SRA Code of Conduct for Solicitors, RELs and RFLs (the Code)

Freelance solicitors are regulated in the same way as other solicitors and are subject to the provisions of the Code.

 

The Transparency Rules

Those freelancers providing reserved legal services are also subject to the requirements of the Transparency Rules. This includes publishing costs information where they offer any the services listed in the rules, publishing details of their complaints’ procedure, and telling clients that they will not be covered by insurance on the SRA’s minimum terms and conditions and that alternative arrangements are in place.

As a more general rule, freelance solicitors will need to ensure that clients fully understand the implications of their “freelance” status and any additional risks to the client. This should include informing clients if they are unable to benefit from the SRA Compensation Fund.

 

Other key regulations to think about

Freelance solicitors will also need to consider whether they are an “’independent legal professional” (ILP) for the purposes of the Money Laundering, Terrorist Financing and Transfer of Funds (Information on the Payer) Regulations 2017 (MLR 2017). The MLR 2017 apply to freelancers providing legal or notarial services to others as part of financial or real property transactions. If you are an ILP, you’ll need to comply with the regulations, which includes having a risk assessment, policies and controls and procedures in place. You’ll also need to separately register with the SRA to comply with the MLR 2017.

 

What activities can Freelancers undertake?

The Regulations differentiate between those performing reserved legal activities and those just providing non-reserved legal activities – essentially differentiating between the areas of law considered riskier and those of low-risk. As you’d expect, the restrictions are more stringent for those undertaking the former.

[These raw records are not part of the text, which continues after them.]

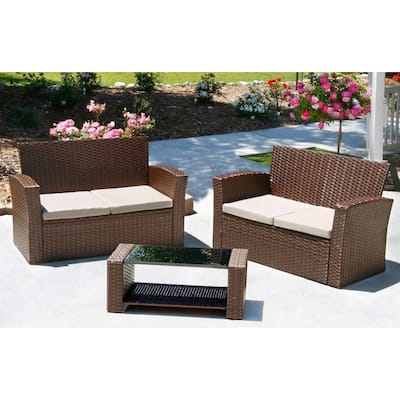 Prima 3 piece outdoor patio set - 2 sofas, 1 coffee table
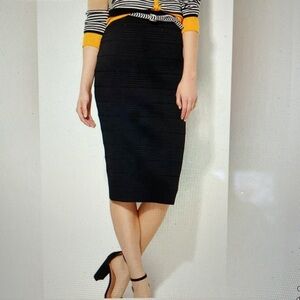 NWT NY & Co Black Textured Bandage Skirt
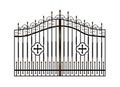 Forged metal gates. Sketch. Victorian style. Artistic forging. Fencing.Doors for the temple, church, Christian cross. Entrance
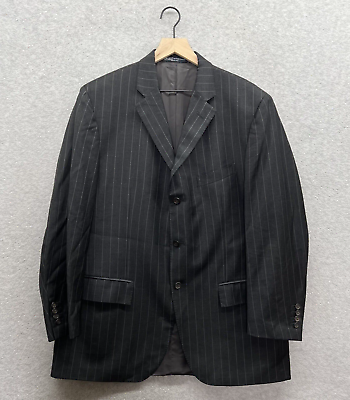 #ad Polo Lauren Ralph Jacket Men 44 Charcoal Black Blazer Sport Coat Wool Made Italy $44.97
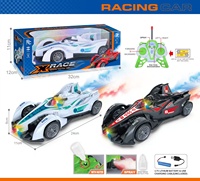 Voiture de course RC F1 6CH 1:16 avec fumée, lumières LED, démonstration à une touche, télécommande rechargeable 27 MHz, jouet pour garçons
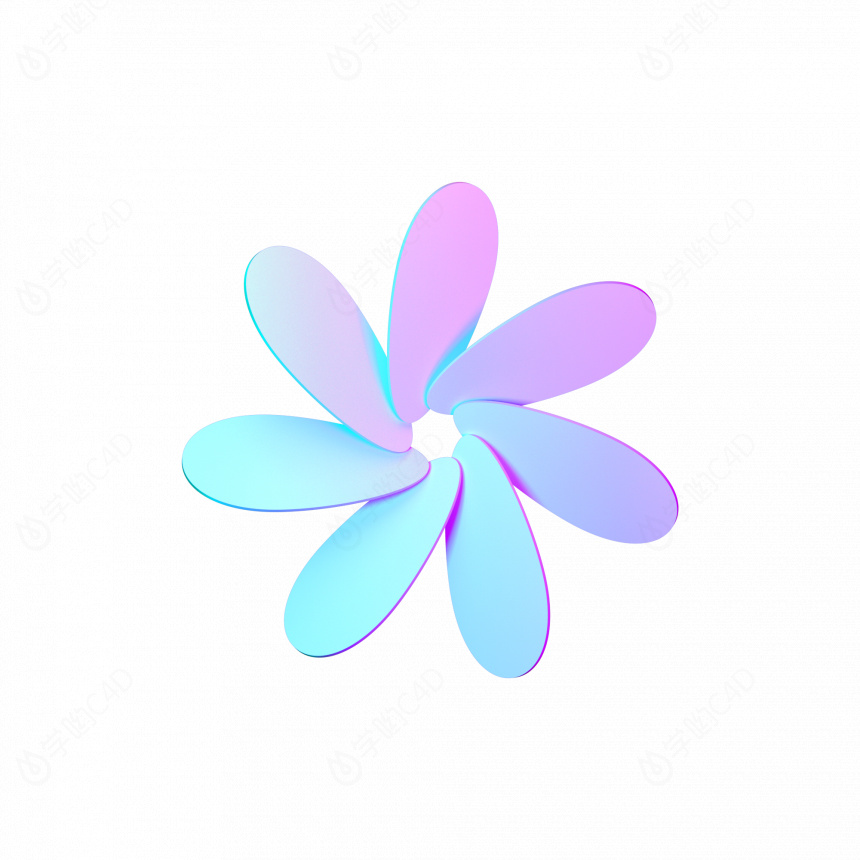 立体渐变色花朵花卉植物C4D模型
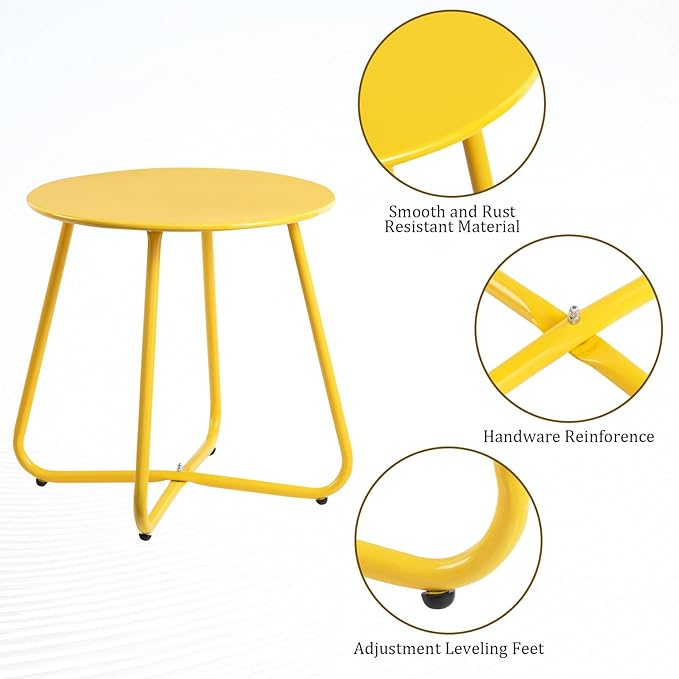 HollyHOME Round Metal Side Table, Rust-Resistant Patio Small Plant Stand, Outdoor 17.32'' Portable End Table for Balconies, Gardens, Living Rooms and Bedrooms, Yellow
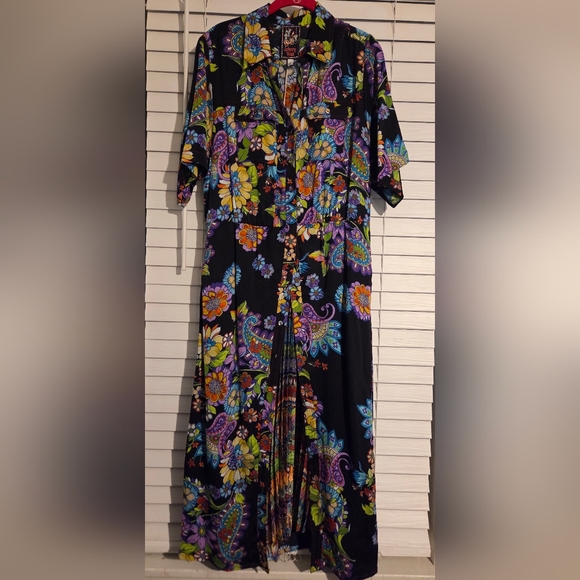 NWT Johnny Was Catriona Black Midi Dress with Colorful Floral Patterns Size L - Picture 2 of 13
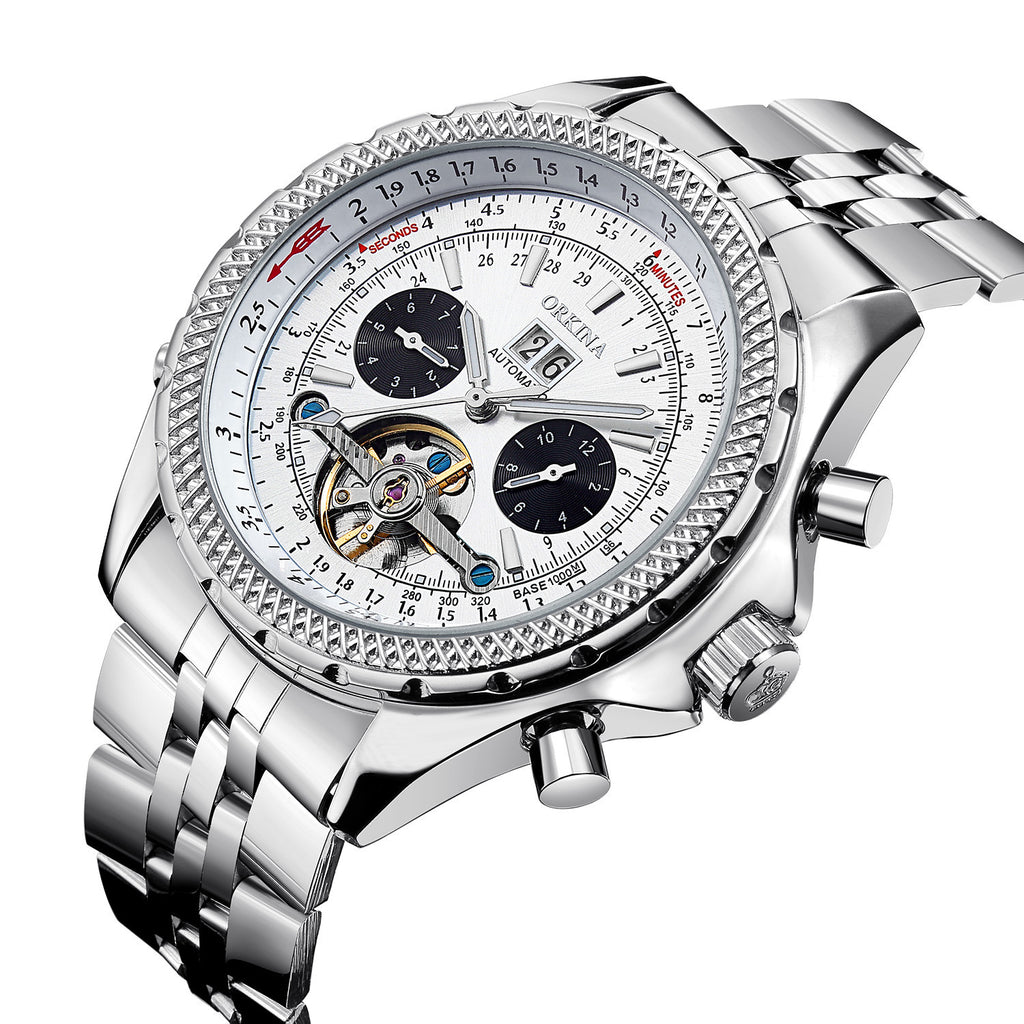 Men's Mechanical Watch Steel Belt Wristwatch Men's Mechanical Watch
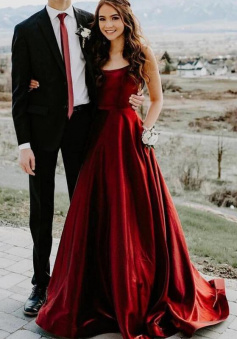 Elegant Mermaid A-line Burgundy Long Prom Dress with Pockets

There are six reserved activities which you’ll find listed at Section 12 and Schedule 2 of the Legal Services Act 2007. If you’re planning to work as a freelancer, it’s important that you familiarise yourself with these:

  • Exercise of a right of audience
  • Conduct of litigation
  • Reserved instrument activities (includes conveyancing and linked matters)
  • Probate activities
  • Notarial activities
  • Administration of oaths

Historically, you’ve only been able to provide these types of services as a solicitor through an entity that is authorised to do so. However, if you’re a solicitor practising on your own account, you can now provide these types of services without needing to be authorised as a recognised sole practitioner if you meet the conditions set out in Regulation 10.2(b) of the Regulations.

 

More on the Restrictions in Regulation 10.2(b)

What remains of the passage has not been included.